The query plan shows a full table scan of EMPLOYEE table and the attached subquery will be executed for each of scanned record. So, you can see the query plan is very inefficient. If we know the union result set is small and it should be executed first, and then use EMP_ID index to retrieve EMPLOYEE table. Let me rewrite the Union subquery as a derived table expression in the following:

select *
from employee
where  emp_id in (select  emp_id
                       from    (select  emp_id
                             from     emp_subsidiary
                             where  emp_grade = 1000
                             union
                             select  emp_id
                             from     employee
                             where  emp_dept = ‘AAA’) DT1)

Now, you can see the Union subquery is executed first and use it to retrieve the EMPLOYEE table by EMP_ID index. The overall query is now become more reasonable and efficient.

This kind of rewrites can be achieved by Tosska SQL Tuning Expert for MySQL automatically, it shows that the rewrite is more than 60 times faster than the original SQL.  There are some other rewrites with even better performance, but it is a little bit complicated to discuss in this short article, let’s discuss it in my coming blogs.
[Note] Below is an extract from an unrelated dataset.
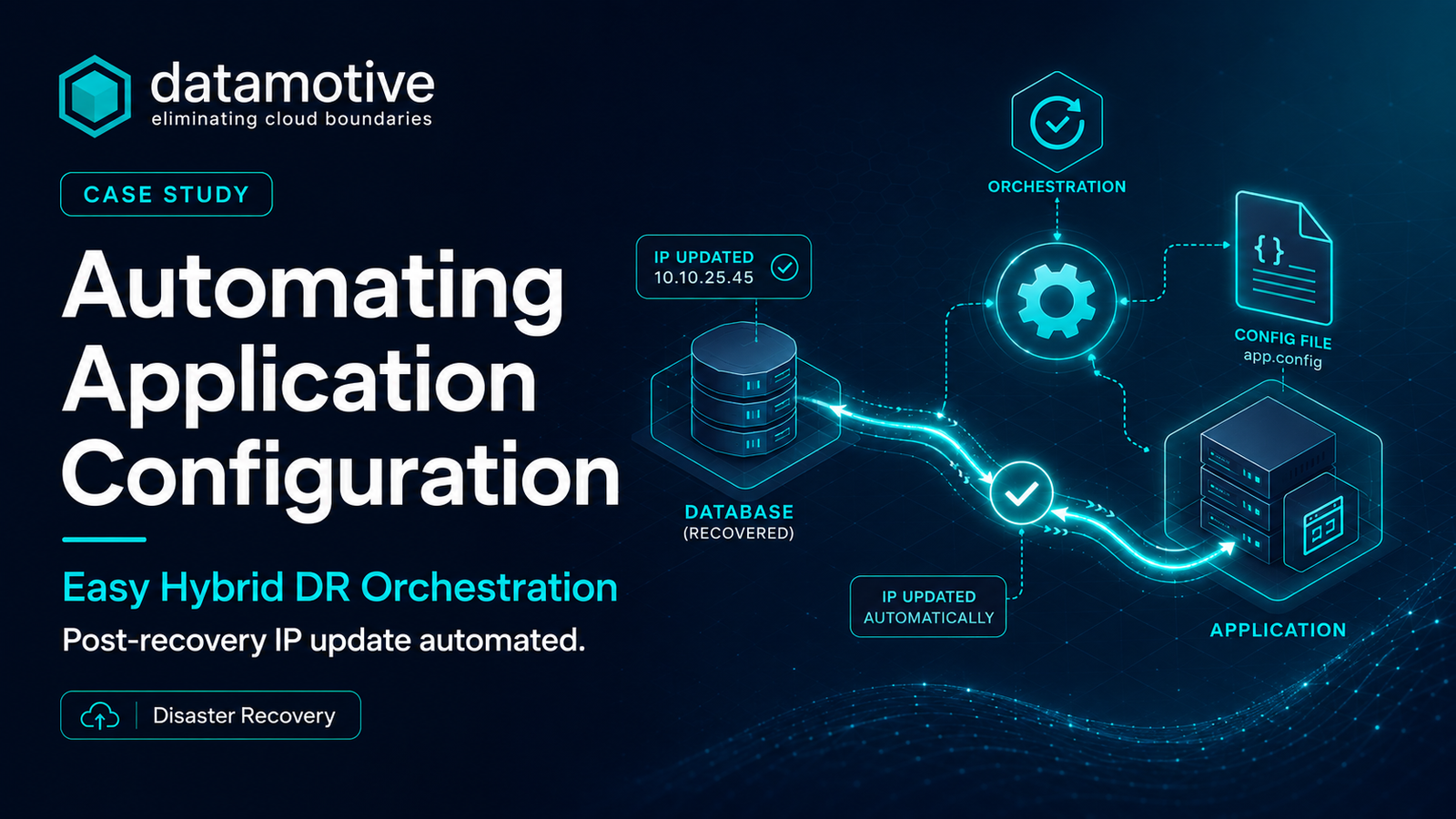 Automating Application Configuration with Datamotive’s Easy Hybrid DR Orchestration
https://tosska.com/tosska-sql-tuning-expert-tse-for-mysql-2/

How to Tune SQL Statement with IN List Bind Variables for MySQL?

The following is an example shows a SQL statement with a variable on the IN List operator. The SQL retrieve records from EMPLOYEE table that (EMP_ID,@1) should match any value in a set of values on the right-hand side.

select * from employee
where  (emp_id,@1) in ((1000000,’a’),(2000000,’b’),(3000000,’c’))

Here the following are the query plans in Tosska proprietary tree format, it takes 19 seconds to finish.

The query plan shows a full table scan of EMPLOYEE, it means MySQL cannot decompose the IN list syntax into a better syntax for cost evaluation and no index scan is used.

Let me rewrite the IN list into multiple OR conditions in the following:

select *
from     employee
where  (  (  emp_id = 1000000
           and @1 = ‘a’ )
           or ( emp_id = 2000000
              and @1 = ‘b’ )
           or ( emp_id = 3000000
              and @1 = ‘c’ ) )

Now, MySQL can utilize Single Row (constant) index search. The speed now is 0.0059 second and is much faster than original SQL.

This kind of rewrites can be achieved by Tosska SQL Tuning Expert for MySQL automatically, it shows that the rewrite is more than 3200 times faster than the original SQL.  

https://tosska.com/tosska-sql-tuning-expert-tse-for-mysql-2/

How to Tune Delete SQL statement with subqueries for MySQL?

The following is an example shows a DELETE SQL statement with subquery. The SQL delete records from emp_subsidiary that should satisfy with three conditions shows in the following query.

delete from emp_subsidiary
where emp_id in
         (SELECT EMP_ID
              FROM EMPLOYEE
          WHERE emp_salary < 15000)
and emp_dept<‘D’
and emp_grade<1500

Here the following are the query plans in tabular format, it takes 8.88 seconds to finish.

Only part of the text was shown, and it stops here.